I have zero professors. I have researchers bringing in money and delegating all of their classes to unimaginative and over-worked TAs. I pay 10k per semester, make zero money for the 40 hrs/week of work that I do. My "work" is always just playing imagination with technical papers. Which are "graded" by graders who barely read 10% of my paper. I have mapped flow over a cylinder in an open-jet wind tunnel 5 times. How many cylinders do you see flying through the air?

I have 1 professor that fails (D or worse, all engineering pre-reqs require C-) half of his aero/hydrodynamics class. Which is a prereq for all of senior year. He holds this class in an auditorium with no desks. His two TAs are mechanical engineers who have never taken an in depth aero/hydrodynamics. Because of him, many student need to stay an extra semester. He is also the president of the AIAA. Professor Dr. Simpson. http://www.ratevtteachers.com/detail.asp?id=3223

Every aspect of every one of my classes insults me. None of my professors respect any of their students. Have you seen what happens when a professor makes a terrible test then defends it? One example was a question where theory suggested one answer, but because of the given dimensions the answer suggested another (to seven decimal point accuracy).

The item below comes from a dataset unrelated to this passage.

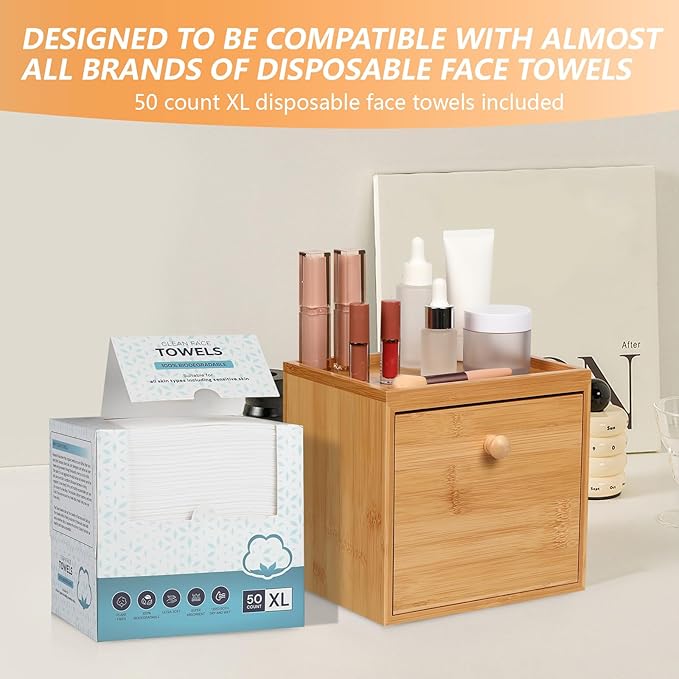 Disposable Face Towel with Bamboo Drawer Storage Box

Though our plug-and-chug answers were verified correct, none of us received credit.

I live in a world where I'm judged by people who don't know or care about me. They attach letter grades to me in ways so infuriating that I almost can't believe that I consider college to be the greatest thing to ever happen to me.

Just because all of my complaints aren't "real world" complaints doesn't make them any less. But my "world" is on the door step of the "real world" and I can't wait to get out.